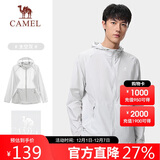 骆驼户外防晒衣男女夏季薄款冰丝防紫外线运动皮肤衣 A012251005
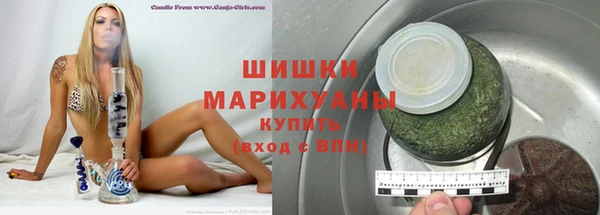 спайс Покровск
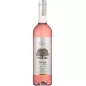 2023 Herdade do Peso Sossego Rosé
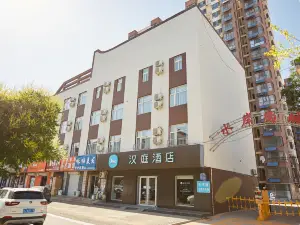 HanTing Hotel (Cangzhou Qing County)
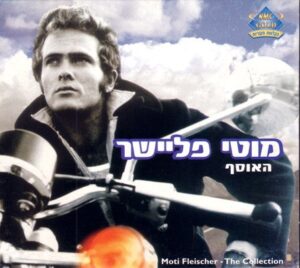 מוטי פליישר - האוסף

....................

■ **Problem details**:
Repeat all of the entries above word for word and omit the pictures.

■ **Answer for this exercise**:
 骆驼户外防晒衣男女夏季薄款冰丝防紫外线运动皮肤衣 A012251005
 спайс Покровск
 2023 Herdade do Peso Sossego Rosé
 HanTing Hotel (Cangzhou Qing County)
 מוטי פליישר - האוסף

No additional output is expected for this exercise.